§ **WHAT IS EXPECTED**
Each record is to be copied exactly, with its pictures left behind.

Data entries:
=== Section Start ===

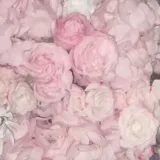 Пруфы SQWOZ - доказательства 🌸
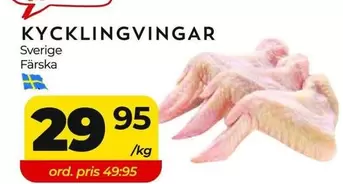 KYCKLINGVINGAR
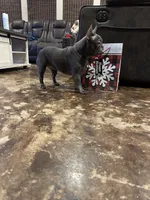 Jenny, a female French Bulldog for sale in Houston, TX – Photo 5 of 6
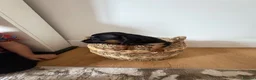 Miniature Dachshund dogs for sale: Very small miniature dachshund girl - Advert 4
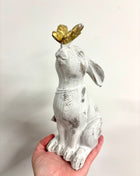 Rabbit with butterfly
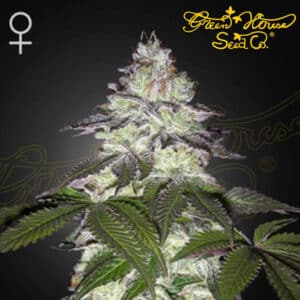 Milky Dreams Feminized By Green House Seed Company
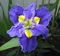 View larger Seriously Blue Iris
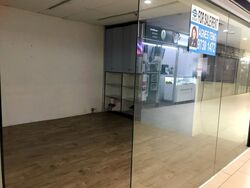 Lucky Plaza (D9), Shop House #498772131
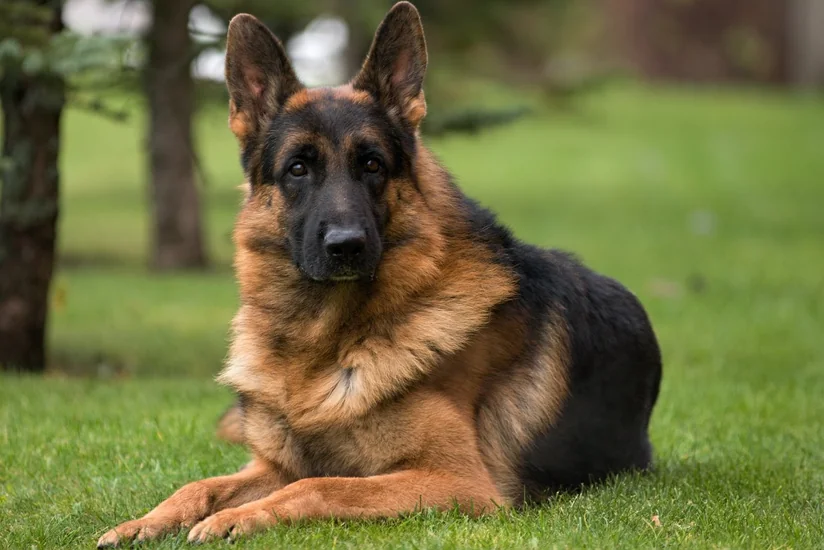 Умерла первая заразившаяся коронавирусом в США собака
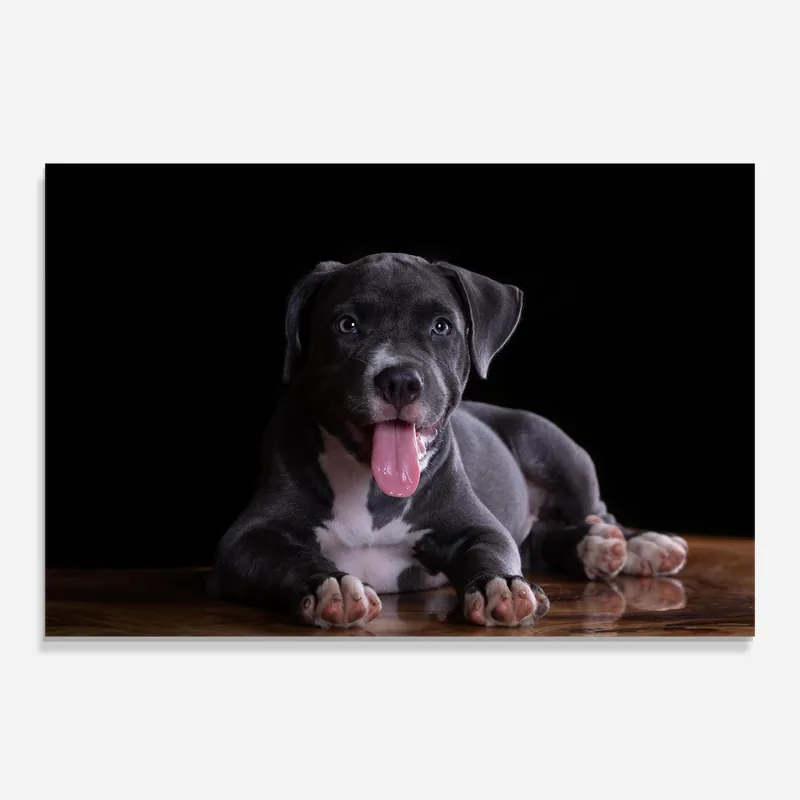Expressversand Glasbild Terrier Puppy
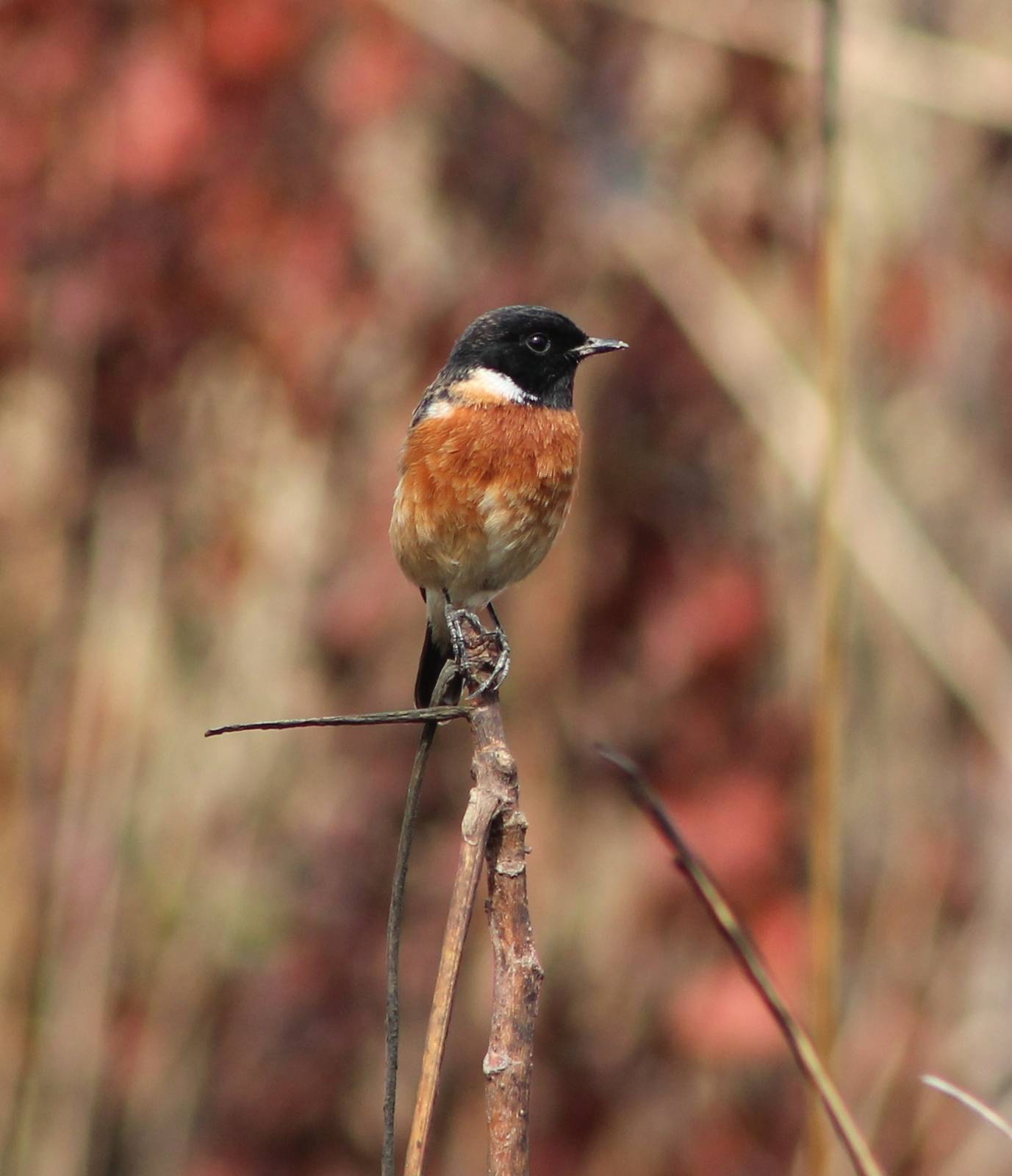 male Siberian Stonechat (Saxicola maurus)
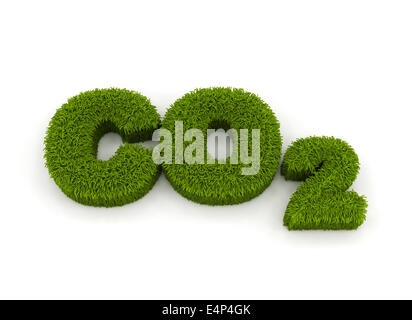 Co2 3d lettres grass isolated on white Banque D'Images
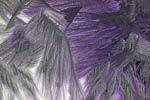 Cristaux de glace sur une vitre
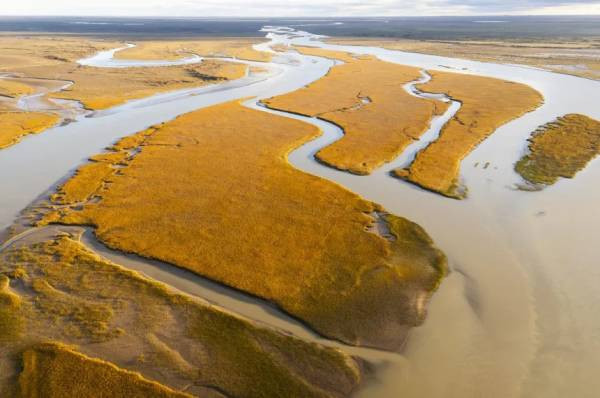 A medio siglo del Tratado del Río Colorado, destacan el valor del consenso institucional en la gestión hídrica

=== Section End ===

§ **EXERCISE RESPONSE**
 Пруфы SQWOZ - доказательства 🌸
 KYCKLINGVINGAR
 Jenny, a female French Bulldog for sale in Houston, TX – Photo 5 of 6
 Miniature Dachshund dogs for sale: Very small miniature dachshund girl - Advert 4
 Rabbit with butterfly
 Milky Dreams Feminized By Green House Seed Company
 View larger Seriously Blue Iris
 Lucky Plaza (D9), Shop House #498772131
 Умерла первая заразившаяся коронавирусом в США собака
Expressversand Glasbild Terrier Puppy
 male Siberian Stonechat (Saxicola maurus)
 Co2 3d lettres grass isolated on white Banque D'Images
 Cristaux de glace sur une vitre
 A medio siglo del Tratado del Río Colorado, destacan el valor del consenso institucional en la gestión hídrica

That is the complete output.